§ What to do
Each line of the data that mentions the string "كلوس" needs to be identified and copied.

§ Web page caption snippets

- - -

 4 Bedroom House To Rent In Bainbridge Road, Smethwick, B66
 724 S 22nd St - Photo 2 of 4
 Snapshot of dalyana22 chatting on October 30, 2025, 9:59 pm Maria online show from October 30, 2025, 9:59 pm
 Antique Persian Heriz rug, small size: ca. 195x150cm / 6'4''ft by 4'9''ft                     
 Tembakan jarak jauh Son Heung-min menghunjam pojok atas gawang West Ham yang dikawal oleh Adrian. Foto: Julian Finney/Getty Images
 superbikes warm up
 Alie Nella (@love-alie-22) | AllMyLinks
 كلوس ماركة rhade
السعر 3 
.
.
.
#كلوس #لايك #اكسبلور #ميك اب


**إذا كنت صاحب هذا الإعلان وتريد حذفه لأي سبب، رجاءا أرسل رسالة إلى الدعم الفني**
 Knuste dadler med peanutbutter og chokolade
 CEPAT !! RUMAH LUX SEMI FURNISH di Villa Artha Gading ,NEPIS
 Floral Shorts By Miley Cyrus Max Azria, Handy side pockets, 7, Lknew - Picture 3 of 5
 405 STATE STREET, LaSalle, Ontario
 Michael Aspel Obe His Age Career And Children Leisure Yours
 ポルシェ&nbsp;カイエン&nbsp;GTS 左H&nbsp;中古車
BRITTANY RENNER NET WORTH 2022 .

- - -

§ Your solution
 كلوس ماركة rhade
#كلوس #لايك #اكسبلور #ميك اب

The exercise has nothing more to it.